#### Data
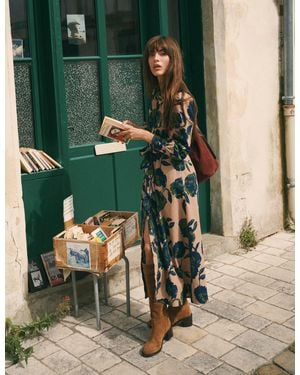 Boden Maeve Midi-Hemdblusenkleid Aus Cord - Grün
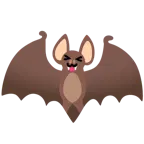 faccina che strizza gli occhi e mostra la lingua + pipistrello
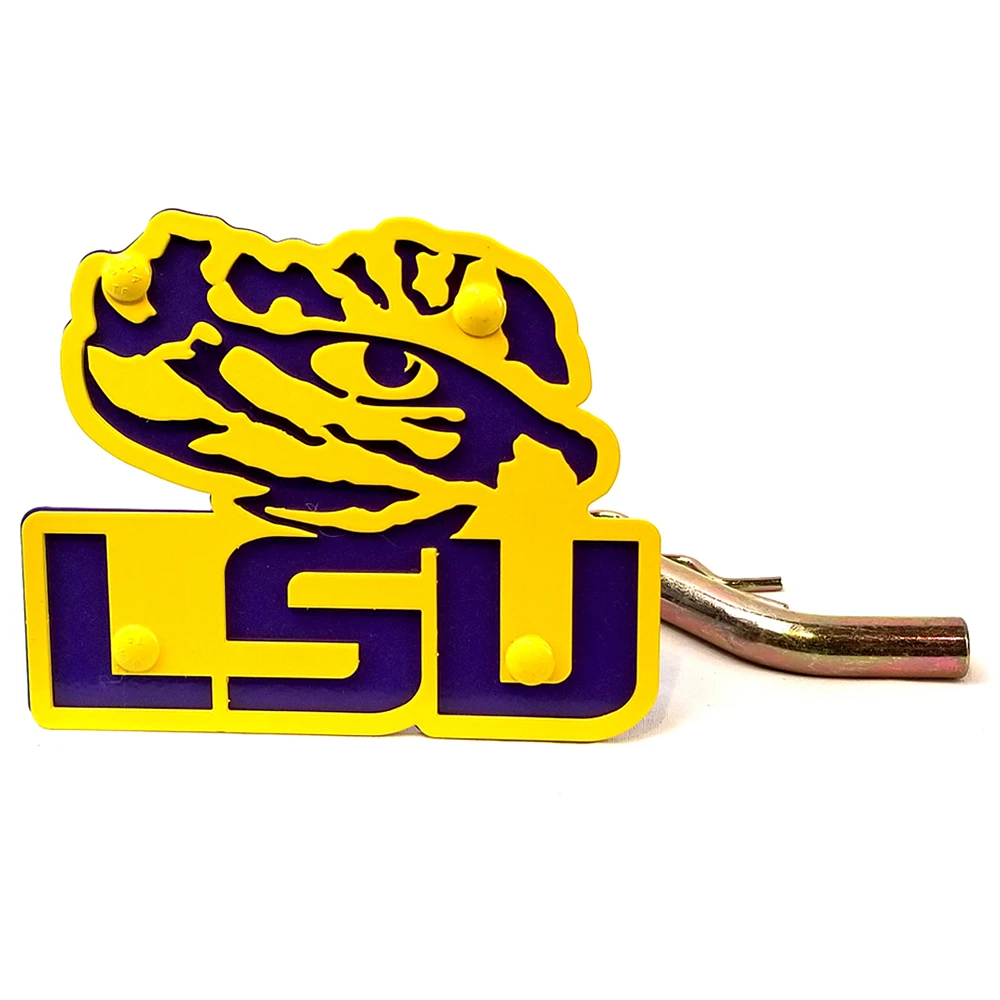 LSU Tigers Premium Steel Logo Hitch Cover
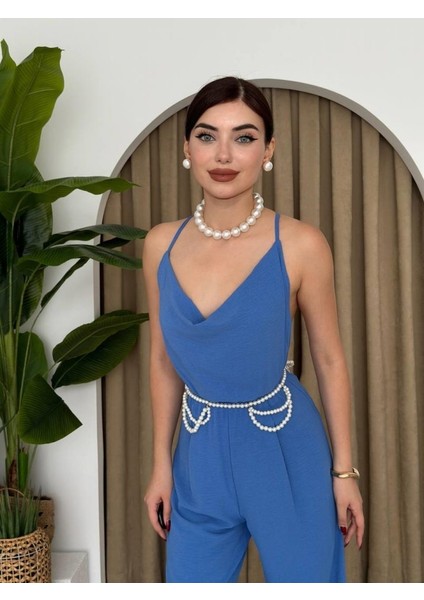 Darcy Sırt Dekolteli Tulum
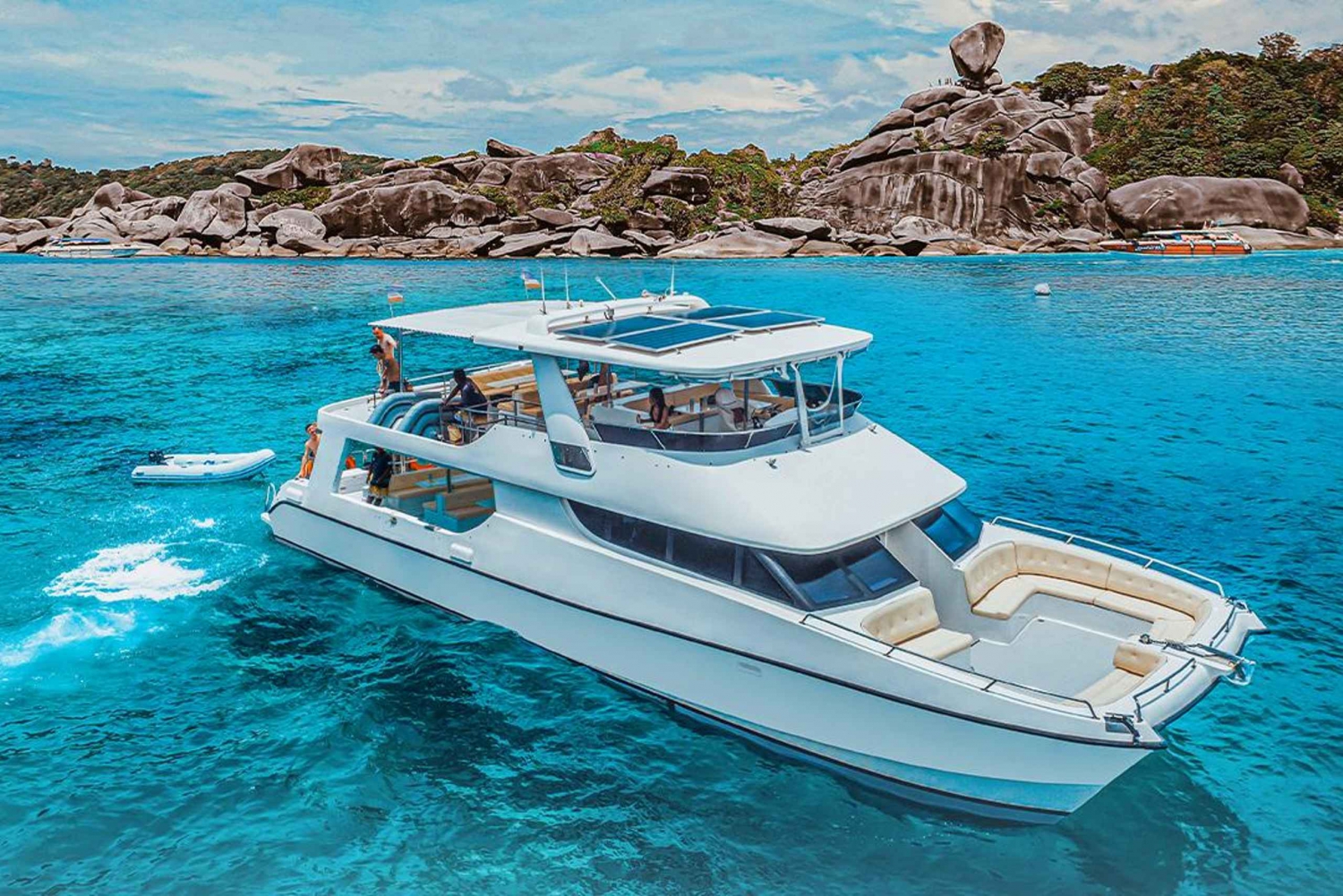 Phuket/Khao Lak: Viagem de catamarã às Ilhas Similan com almoço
########
Work item
Please print the entries above exactly. Skip every picture.

Written answer
 Boden Maeve Midi-Hemdblusenkleid Aus Cord - Grün
 faccina che strizza gli occhi e mostra la lingua + pipistrello
 LSU Tigers Premium Steel Logo Hitch Cover
 Darcy Sırt Dekolteli Tulum
 Phuket/Khao Lak: Viagem de catamarã às Ilhas Similan com almoço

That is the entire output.